The Cowboys needed to find some answers for a quarterback, a successor to Romo, and they blew it by passing on Texas A&M's Johnny Manziel, who was right there for the taking.  

"There's only one thing I wanna say ⁠— I'd have never bought the Cowboys had I made the kinda decision that I just made right now," Jones said in a profile piece by ESPN's Don Van Natta via NFL.com. "You need to drive across the water rather than lay up. And we laid up for this one. ... We just didn't get here makin' this kind of decision." 

Make no mistake: the Cowboys laid up at the trade deadline in not pulling the trigger for Jamal Adams. It goes against the grain of what the franchise has been about since Jones bought the team in 1989.  

In 1989, the Cowboys drove across the water and traded Herschel Walker to the Minnesota Vikings for draft picks and players that could be converted in draft picks. While the rest of the NFL and their mouthpieces said the wildcatting Arkie and his buddy from college were foolish to trade a Pro Bowl running back for a handful of veterans, Jones and Jimmy Johnson saw they had just procured concrete and rebar to lay the foundation for their championship teams. 

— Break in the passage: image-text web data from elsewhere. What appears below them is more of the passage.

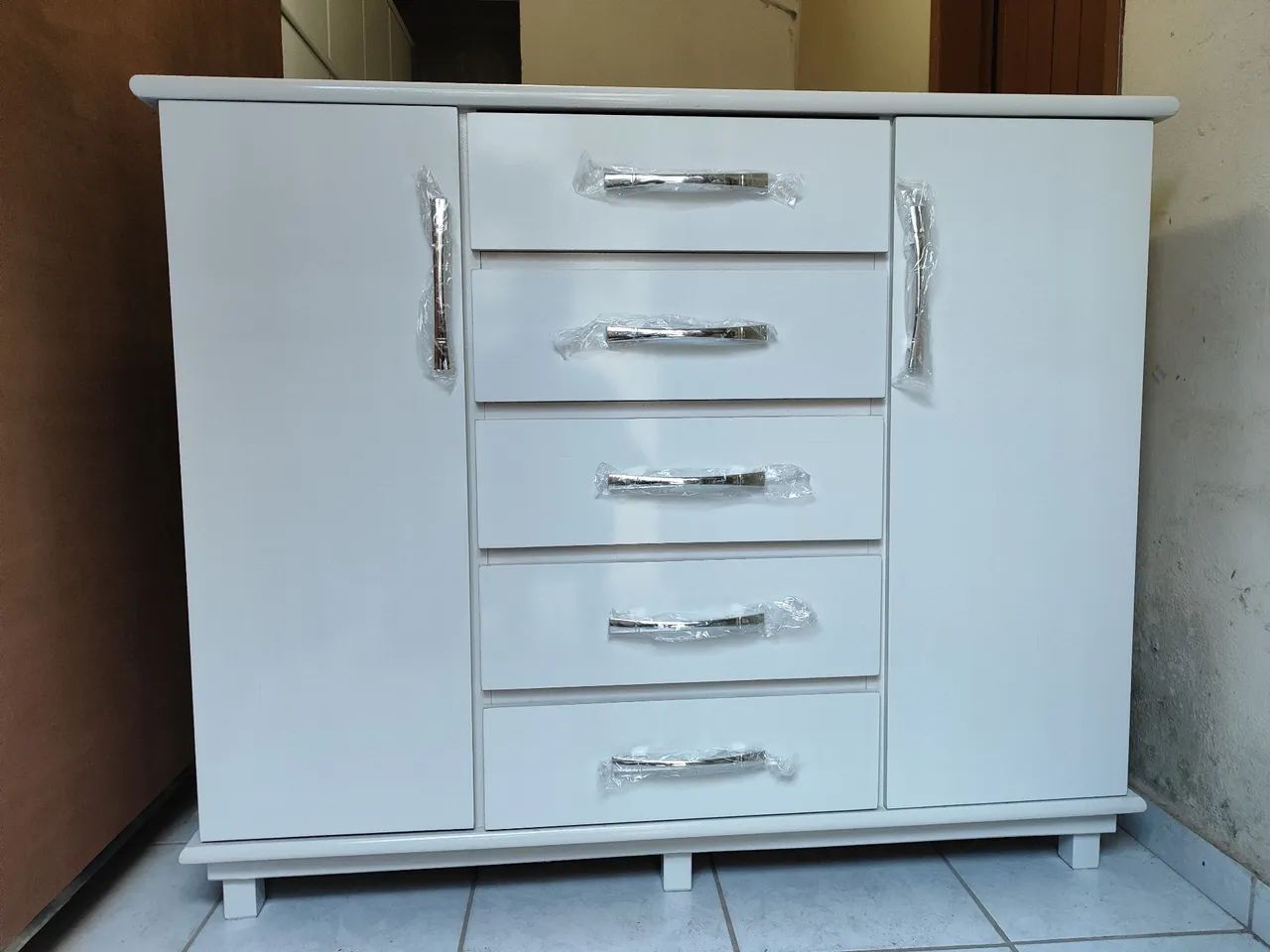 Cômodas novas grande com frete grátis só aqui ?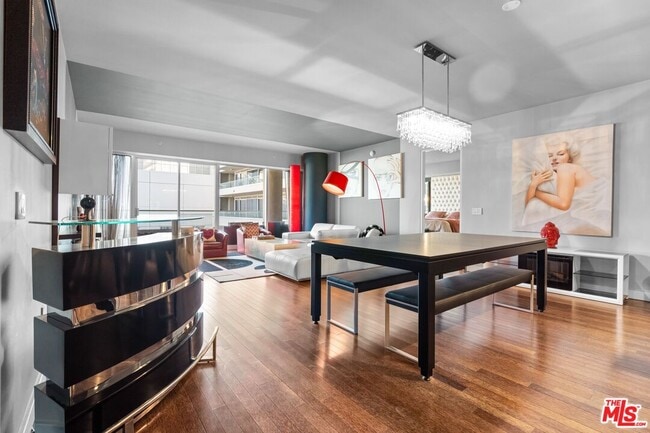 Building Photo - 6250 Hollywood Blvd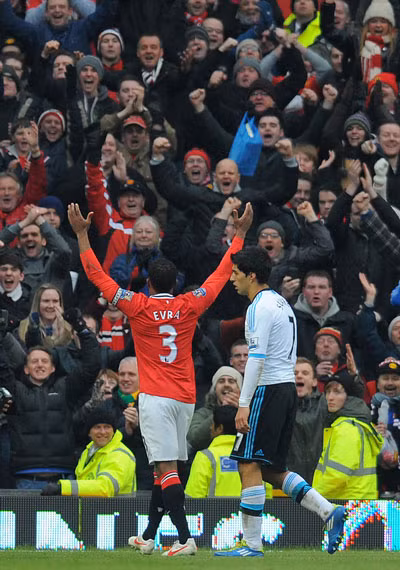 Sir Alex cũng không bằng lòng với hành động ăn mừng cuối trận của Evra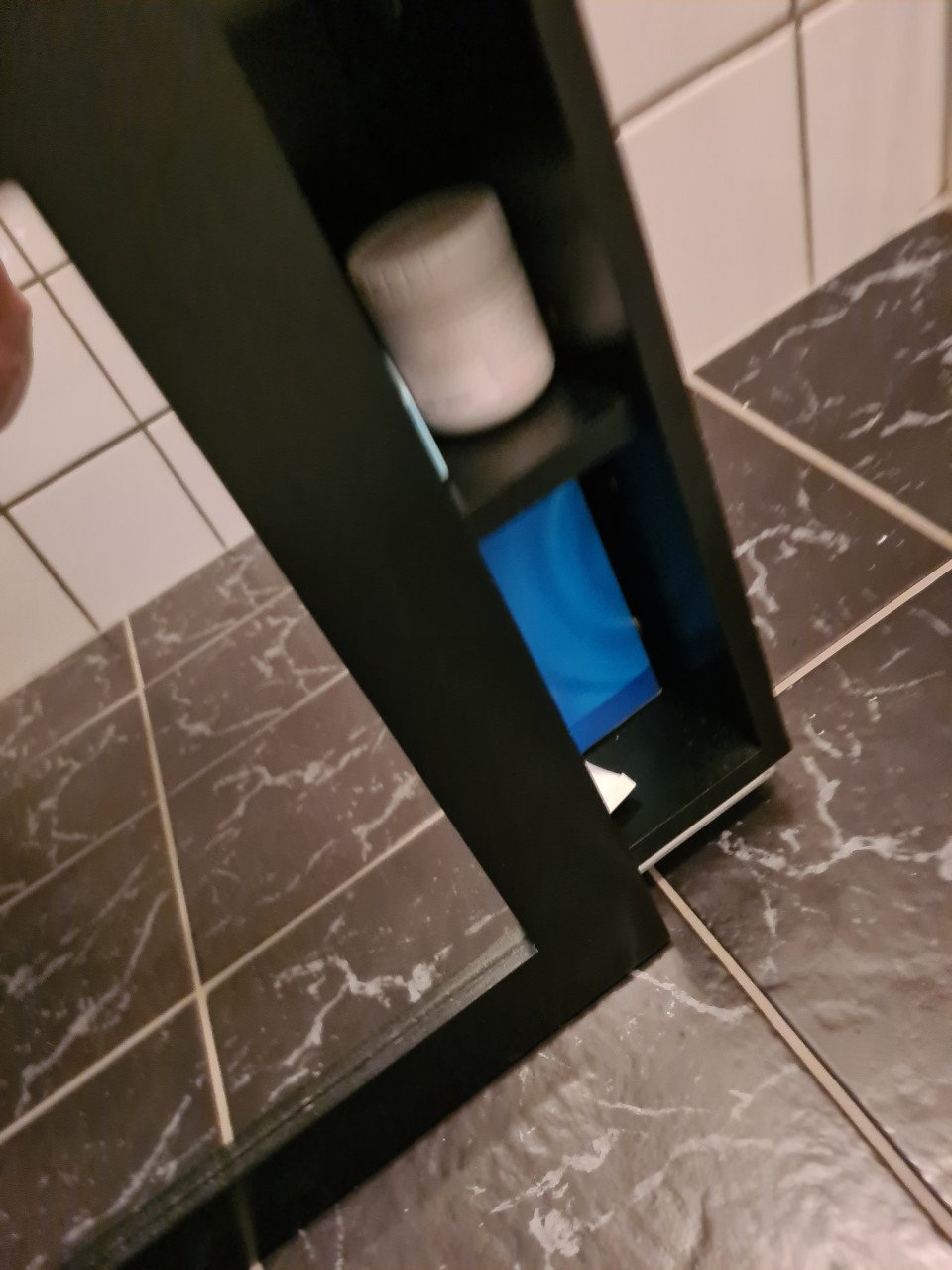 Kastje toilet/badkamer met spiegel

In 1992, the Cowboys drove across the water and traded a 1993 second-round pick and a 1994 third-round pick to the San Francisco 49ers right near the end of preseason for a crazy, mercurial edge defender in San Francisco who had two Pro Bowls and an All-Pro selection to his credit. But the dynamic pass rusher was fighting with 49ers head coach George Seifert and quarterback Steve Young. Dallas acquired Charles Haley and he was the catalyst to their defense that helped them win three Super Bowls over the next four years. 

In 1995, the Cowboys drove across the water and signed cornerback Deion Sanders to a contract so huge that Stephen Jones threw Jerry up against the wall in anger. However, they had a need as No. 1 cornerback Kevin Smith tore his Achilles in Week 1 in a 35-0 win over the New York Giants on Monday Night Football. Adding Sanders was the missing piece for their '95 Super Bowl run, and his ability to play some receiver for Dallas in '96 was an excellent bridge as receiver Michael Irvin served a five-game suspension to start the next season. 

In 2018, eight days to go before the trade deadline, the Cowboys drove across the water and sent a first-round pick to the Oakland Raiders for Amari Cooper. They recognized their receiver by committee approach wasn't working, and they had to make drastic changes over the bye week to rescue their 3-4 season as Washington was running away with the NFC East at 5-2. Cooper saved the Cowboys' season as they went 7-2 down the stretch, won the NFC East, and added the franchise's 35th postseason victory.  

The Cowboys had a need to fill along the defensive line when Tyrone Crawford injured his hip and was out for the year. They traded with the New England Patriots for Michael Bennett, who not only fills Crawford's role, but can do it better.  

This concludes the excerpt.